What is the Minister of Foreign Affairs? It’s a Montmorin who, a month ago, two weeks ago, answered you saying that the king adored the constitution. It’s to this traitor that you abandon foreign relations! Under whose oversight? Of the Diplomatic Committee, of this committee where reigns an André, and where one of whose members told me that a man of good will, a man who wasn’t a traitor to his country, could not put his feet. I won’t continue this review. Lessart no more has my confidence than does Necker, who left him his coat.
Citizens, have I demonstrated enough the depths of the abyss that is going to swallow up our freedom?
Do you see clearly enough the coalition of ministers of the king, some of whom, if not all, I will never believe did not know of his flight? Do you see clearly enough the coalition of your civil and military chiefs? It is such that I can’t not believe that it didn’t favor that escape, which they confess to have known about. Do you see that coalition with your committees, with the National Assembly?
And as if this coalition wasn’t strong enough, I know that soon a reunion with your best known enemies is going to be proposed to you; in a moment all 89, the mayor, the judge, the general, the ministers, it is said, are going to arrive here! How can we escape? Antony commands the legions that are going to avenge Caesar! And it’s Octavian who commands the legions of the republic.
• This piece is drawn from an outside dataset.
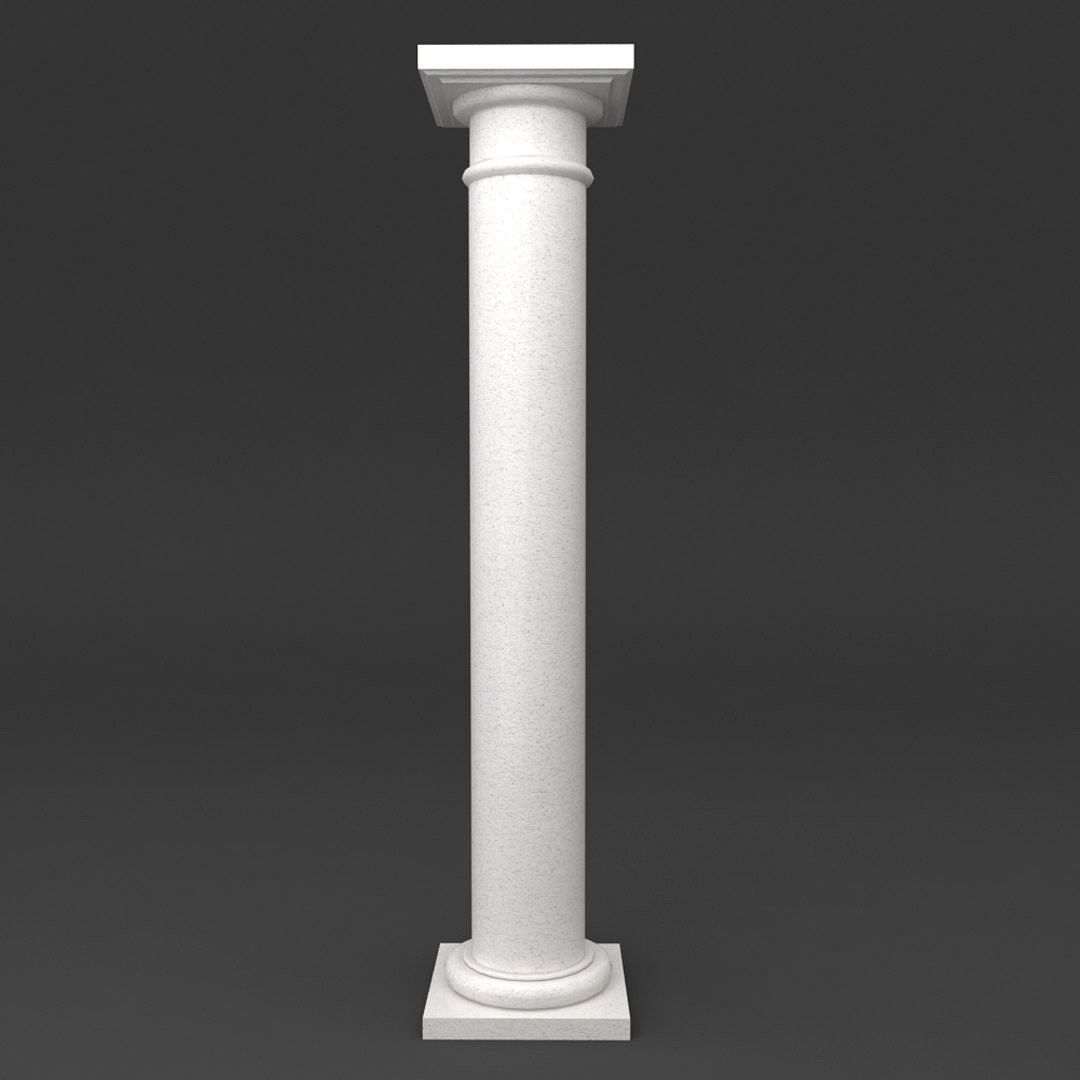 Tuscan Column printable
They talk bout unity, of the need to gather around the same men. Bur when Antony camped around Lepidus and also spoke of unity there was soon nothing but the camp of Antony, and there was nothing left for Brutus and Cassius but to kill themselves.
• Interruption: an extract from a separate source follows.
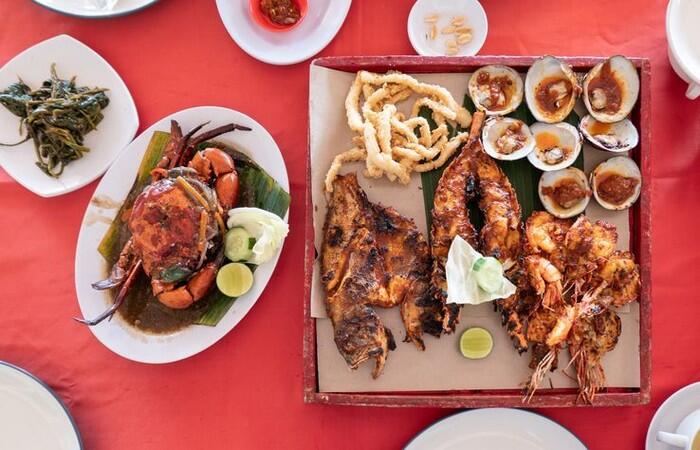 Di Muara Karang Bisa Jajan Seafood Segar dan Enak di 5 Resto Ini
I swear that all I have just said is the exact truth. You well know you would never hear it in the National Assembly. And here, among you, I feel that these truths will not save the nation without a miracle of Providence, which deigns to better look after freedom than your chiefs.
But I wanted to at least depose in your transcript a monument of all that is going to happen. At least I would have predicted everything to you; I will have traced the march of your enemies, and I cannot be reproached for anything.
I know that by a denunciation — dangerous for me to make but not dangerous for the public thing; I know that in thus accusing almost all of my colleagues, almost all the members of the Assembly of being counter-revolutionary, some from ignorance, others from terror, others from resentment, others by wounded pride, others from a blind confidence, many because they are corrupt, I raise up against me all the prideful; I sharpen a thousand daggers, I offer myself to all the hatred.
I know the lot that is reserved for me. But if in the beginnings of the revolution, and when I was barely glimpsed in the National Assembly, if when only my conscience was seen I sacrificed my life to the truth, to freedom, to the fatherland, then today, when the suffrage of my fellow citizens, when universal benevolence, when too much indulgence, recognition and attachment have paid me well for my sacrifice, I would receive death almost as a benefit that would prevent me from witnessing the evils that I see to be inevitable.
I have just put the National Assembly on trial. I dare it to do the same to me.